19  Convergence of FDs for Heat Equation

Lecture 19

Note

I encourage you to play around with the juptyer notebook for this lecture - you can copy the code with the this notebook button on the side of this page.

Warning

These notes are mainly a record of what we discussed and are not a substitute for attending the lectures and reading books!
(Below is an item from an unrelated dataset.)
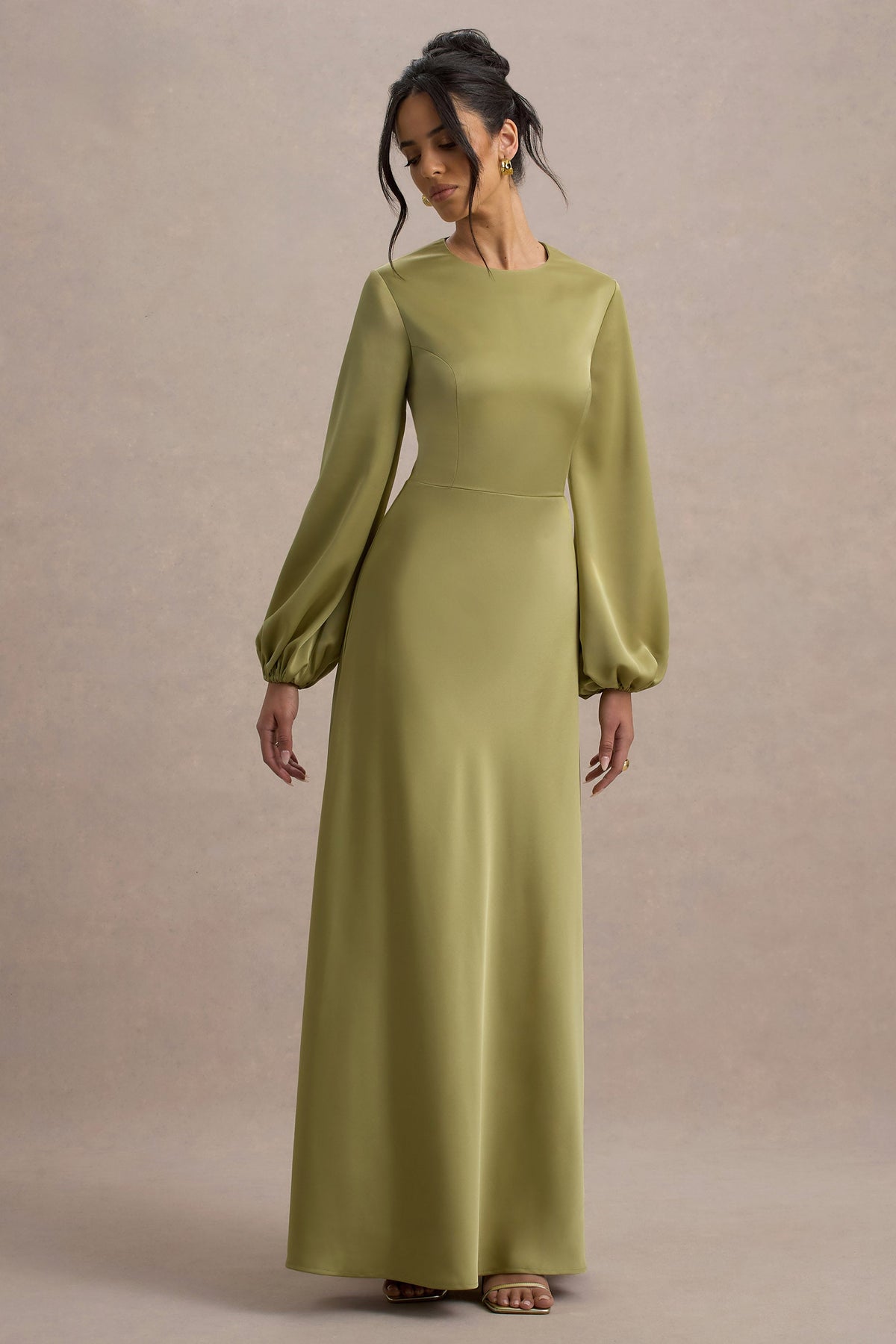 Crawley | Hellgrünes Satin-Maxikleid mit Puffärmeln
If anything is unclear/wrong, let me know and I will update the notes.

Tip

This chapter is mostly based on

• Burden, Faires, and Burden (2015) Chapter 11,
  
• Driscoll and Braun (2018) Chapter 10,
• Lecture 16: Driscoll and Braun (2018) Galerkin method,
  
• Lecture 17: Chapter 14.4 of Suli and Mayers (2012): Theorem 14.6.
• Lecture 19: Olver (2014) Chapter 5

19.1 Recap

We are now looking at PDEs:

e.g. Laplace’s equation (Elliptic)

\begin{align} - \Delta u := \sum_{i=1}^d \frac{\partial^2 u}{\partial x_i^2} = 0 \end{align}

Wave equation: (Hyperbolic)

\begin{align} \square u := u_{tt} - c^2 u_{xx} = 0. \end{align}

The (linear) transport equation (u_t + c u_{x} = 0) is a simpler version that displays some of the same behaviour.
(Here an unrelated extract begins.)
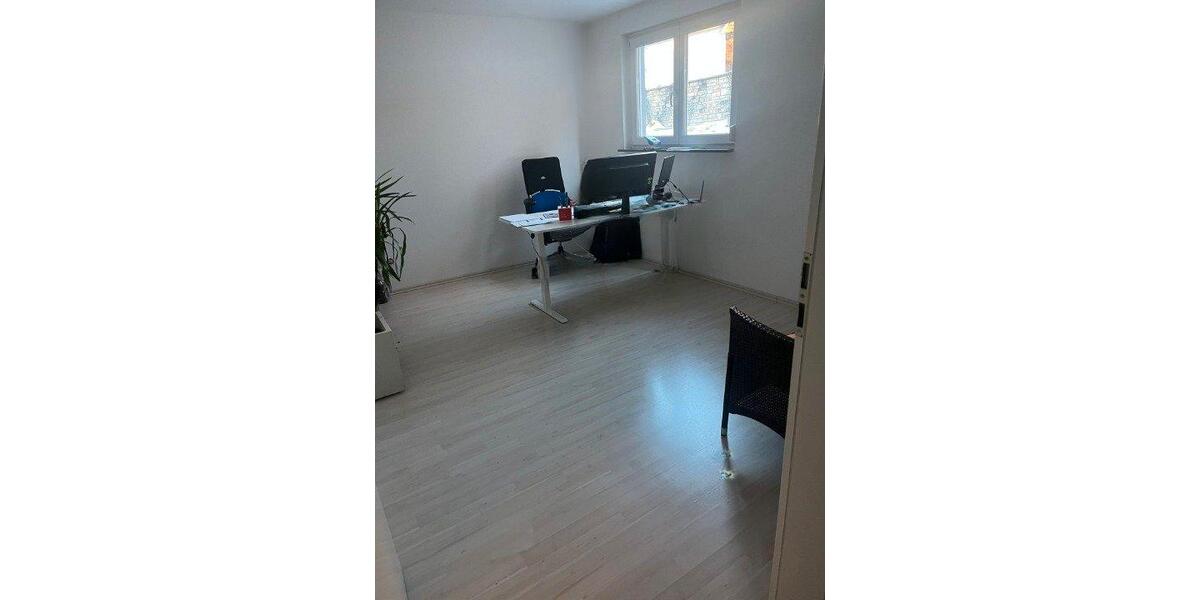 Einfamilienhaus Mössingen - 7 Zimmer, 165 m&sup2;, 1.600&euro; | Angebot:26223808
Heat (diffusion) equation (Parabolic):

\begin{align} u_t - \alpha^2 u_{xx} = 0. \end{align}

Last time, we saw that u(x,t) := u_0(x-ct) solves the linear transport equation (we used the method of characteristics). In A6, you’ll implement a finite difference approximation to this problem and look at the so-called CLF condition.
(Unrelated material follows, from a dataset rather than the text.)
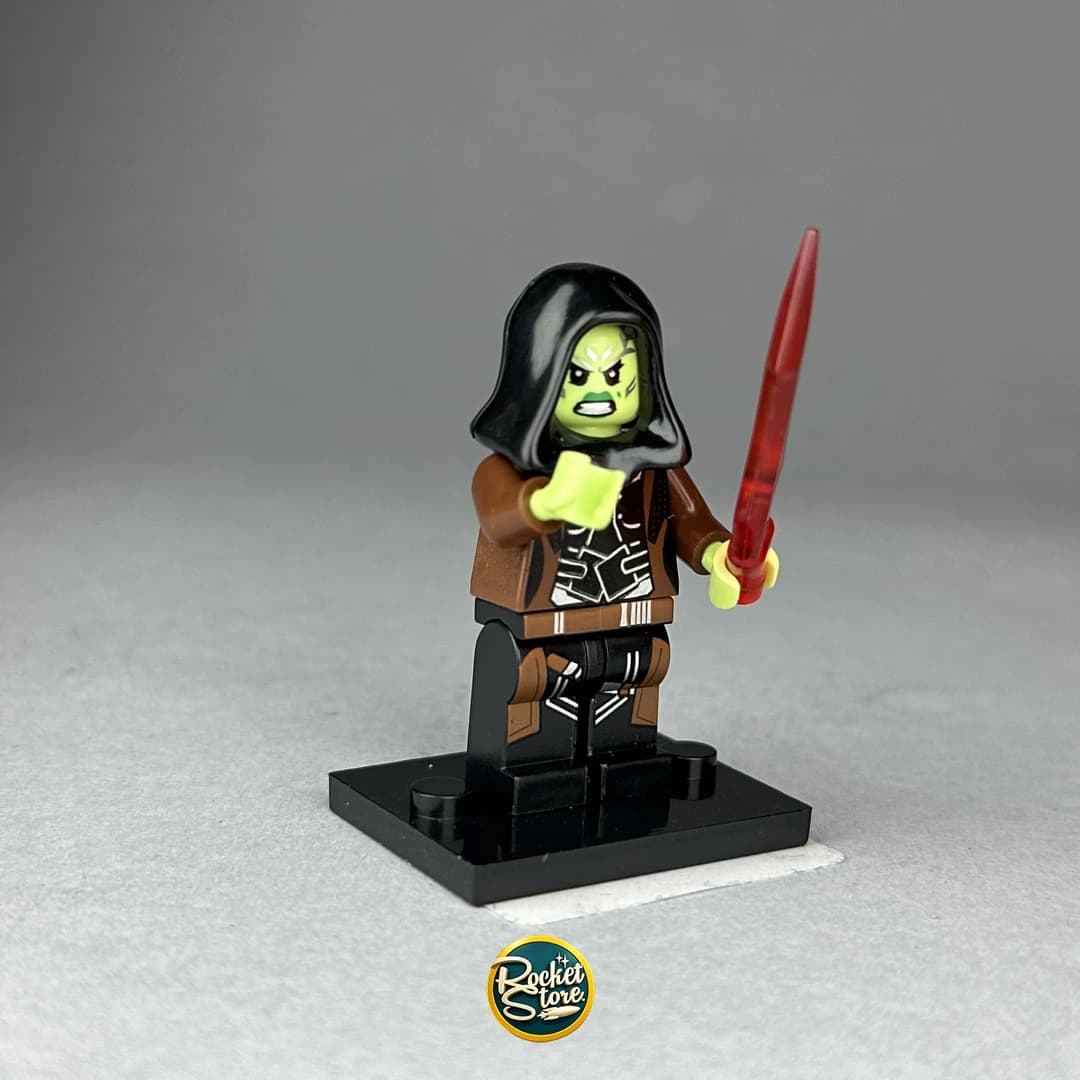 Minifigura tipo LEGO Marvel Gamora con Espada de Energía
Then, we looked at the heat equation and a forward in time, centred in space (FTCS) finite difference approximation of this problem. Recall that we are looking at a uniform grid with x_i := a + \frac{b-a}{m} i and t_j := \frac{T}{n} j and h := \frac{b-a}{m} and \tau := \frac{T}{n}. Recall that this approximation can be written as

\begin{align} u_{i,j+1} = (1 - 2\mu) u_{i,j} + 2\mu \frac{u_{i-1,j}+u_{i+1,j}}{2} + f_{ij} \tag{FTCS} \end{align}

where \mu := \tau (\frac{\alpha}{h})^2 is the diffusion number. Last time, we saw that, if 0\leq \mu \leq \frac{1}{2}, then the method is stable and it is unstable when \mu > \frac{1}{2}:

Example 19.1 Consider the equation

\begin{align} &u_t - \alpha^2 u_{xx} = 0 \qquad \text{on }(0,1)\nonumber\\ \tag{IC} &u(x,0) = \sin \pi x \nonumber\\ \tag{BC} &u(0,t) = u(1,t) = 0. \end{align}

• Show that u(x,t) = e^{-\pi^2 t} \sin \pi x is a solution to this equation.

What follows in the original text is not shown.